実数は自然数よりも「濃ゆい」 その1

「濃度」という発想

 偶数全部の集合と自然数全部の集合とでは、どちらが大きいと思いますか?実数と自然数なら、どうですか?
 集合には、それに属する要素の数で分類すると、有限集合*1と無限集合*2とがあります。有限集合の要素の個数っていうのは、普通に数えられますが、無限集合の要素は、なにしろ無限なので、数えてもきりがないわけです。
 そこで、有限集合の「個数」に対して、無限集合では「濃度」という概念が用いられます*3*4

自然数と偶数の濃度

 では冒頭の問いの1つ目「偶数全部の集合と自然数全部の集合では、どちらが大きいか」を考えてみましょう。感覚的には、偶数は自然数の部分集合なので、自然数のほうが大きい気がします。しかし、それは間違いです。
無限と無限をどうやって比べるんでしょう?答えは簡単。数えます(どーん)。
 数えるといっても、「A君はリンゴを…いち、にい、さん…3個持ってました。B君は5個。だからB君のほうが多く林檎を持っています」というわけにはいきません。どうするかというと、ペアにするんです。
 運動会の玉入れの結果発表を想像してください*5。赤組と白組の集計係が並んで、カゴの中の玉を放りながら、同時に、「いーち、にーい、さーん…」と集計していきます。そして、相手よりも多いか、少ないかを確かめるわけです。
 同様に、自然数という集合の要素と、偶数という集合の要素を、1対1に対応させていきます。例えば、(自然数,偶数)=(1,2),(2,4),(3,6)…といった具合にです。こうしてペアをどんどん作っていって、全ての要素が、もれなく、1対1に対応すれば、2つの集合は「同じ濃度である」といえます。
 そういうわけで、自然数と偶数とでこの作業をやっていくと、確かにもれなく1対1に対応します。
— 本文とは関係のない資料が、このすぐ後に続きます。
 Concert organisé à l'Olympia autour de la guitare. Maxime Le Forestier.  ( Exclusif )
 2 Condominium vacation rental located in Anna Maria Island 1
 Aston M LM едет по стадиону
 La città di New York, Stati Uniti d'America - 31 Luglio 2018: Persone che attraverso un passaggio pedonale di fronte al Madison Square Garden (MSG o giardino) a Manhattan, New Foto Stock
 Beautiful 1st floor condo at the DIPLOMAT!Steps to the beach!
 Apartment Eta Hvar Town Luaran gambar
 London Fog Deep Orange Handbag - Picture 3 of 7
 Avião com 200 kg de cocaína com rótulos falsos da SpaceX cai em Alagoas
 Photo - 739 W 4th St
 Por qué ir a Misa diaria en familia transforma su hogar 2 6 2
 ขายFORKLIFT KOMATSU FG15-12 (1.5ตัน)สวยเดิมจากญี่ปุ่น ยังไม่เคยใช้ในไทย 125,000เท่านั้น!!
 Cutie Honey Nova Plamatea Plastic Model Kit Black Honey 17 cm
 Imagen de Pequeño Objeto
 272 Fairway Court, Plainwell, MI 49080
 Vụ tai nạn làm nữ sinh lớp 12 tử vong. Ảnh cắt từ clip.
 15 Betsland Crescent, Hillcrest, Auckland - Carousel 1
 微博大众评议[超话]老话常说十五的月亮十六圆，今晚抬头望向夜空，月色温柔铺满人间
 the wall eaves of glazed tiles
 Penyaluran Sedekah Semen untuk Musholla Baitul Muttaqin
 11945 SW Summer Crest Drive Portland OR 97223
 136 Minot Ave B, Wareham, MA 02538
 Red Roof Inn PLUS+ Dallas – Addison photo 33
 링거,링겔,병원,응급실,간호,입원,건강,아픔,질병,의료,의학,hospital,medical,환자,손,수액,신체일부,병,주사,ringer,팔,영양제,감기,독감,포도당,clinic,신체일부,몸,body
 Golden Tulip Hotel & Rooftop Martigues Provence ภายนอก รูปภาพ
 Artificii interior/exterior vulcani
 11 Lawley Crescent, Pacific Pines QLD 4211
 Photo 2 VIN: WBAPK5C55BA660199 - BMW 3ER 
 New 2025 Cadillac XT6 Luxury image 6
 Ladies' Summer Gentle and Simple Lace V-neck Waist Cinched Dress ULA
なので、冒頭の問いに対する答えは「同じ大きさ(濃度)である」ということです。
 このように、自然数全体の集合と同じ濃度である集合を、ペアにして数え上げることができる、という意味で可算無限集合といいます。

自然数と実数の濃度

 次に、冒頭の問いの2つ目、「実数全体の集合と、自然数全体の集合では、どちらが大きいか」を検討してみましょう。
 …と思いましたが、「このことについて、私は真に驚くべき証明を"勉強した"が、この"記事"はそれを書くには"長くなりすぎた"」ので、また今度です*6

*1:桜高校3年B組、とか

*2:自然数とか

*3:厳密には、個数も濃度の一つです

*4:ただし、和や積などの演算は個数と同様にはできません。

*5:習った際の先生の例を拝借

*6:最後ちょっとカッコつけた。